*** GIVEN RECORDS ***
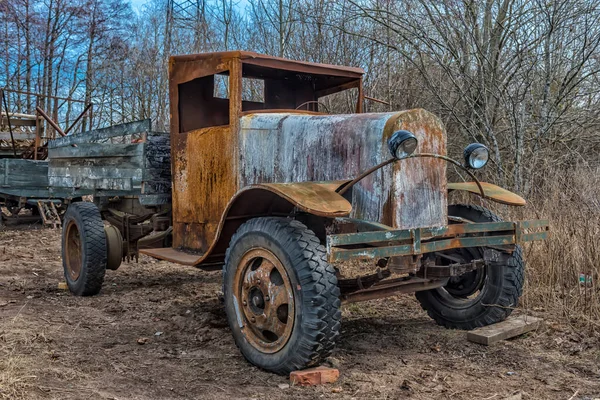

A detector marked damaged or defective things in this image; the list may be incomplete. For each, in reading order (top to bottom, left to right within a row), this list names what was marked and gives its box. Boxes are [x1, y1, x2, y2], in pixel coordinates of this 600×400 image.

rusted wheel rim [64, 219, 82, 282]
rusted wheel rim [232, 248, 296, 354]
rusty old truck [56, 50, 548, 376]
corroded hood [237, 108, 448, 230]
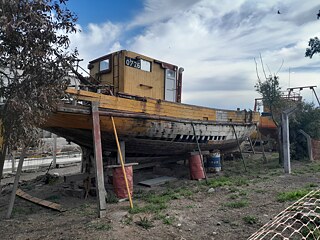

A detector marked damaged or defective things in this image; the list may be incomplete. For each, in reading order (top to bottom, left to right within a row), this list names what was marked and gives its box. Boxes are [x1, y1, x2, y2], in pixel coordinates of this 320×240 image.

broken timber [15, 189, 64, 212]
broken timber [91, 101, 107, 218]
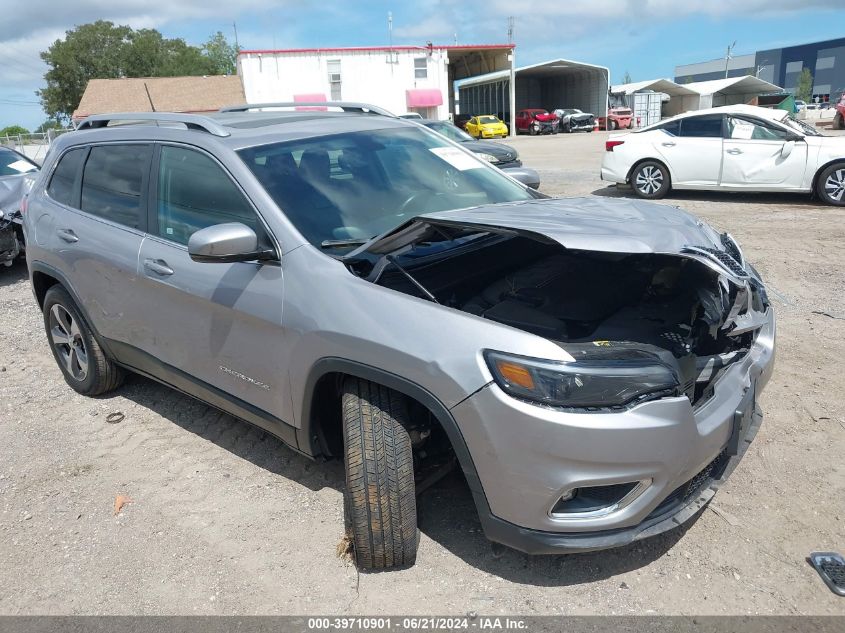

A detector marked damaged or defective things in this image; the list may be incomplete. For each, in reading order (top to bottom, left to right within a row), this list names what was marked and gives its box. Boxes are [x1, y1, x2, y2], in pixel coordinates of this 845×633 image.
*** End of GIVEN RECORDS ***
## TASK DESCRIPTION
Print nothing except the lines from the one with "this 320×240 image." through the last line of the listing, exactly as written and with pictures removed.

## ANSWER TO THE EXERCISE
A detector marked damaged or defective things in this image; the list may be incomplete. For each, in reading order (top to bottom, left to right within a row), this list names what was marked and gives its box. Boxes are [x1, y1, x2, y2], in pixel coordinates of this 320×240 image.

broken timber [15, 189, 64, 212]
broken timber [91, 101, 107, 218]

A detector marked damaged or defective things in this image; the list may be incomplete. For each, in reading order (top to bottom, left to right within a row), this list names what was marked and gives its box. Boxes are [x1, y1, x2, y2], in pixel coordinates of this 845×633 image.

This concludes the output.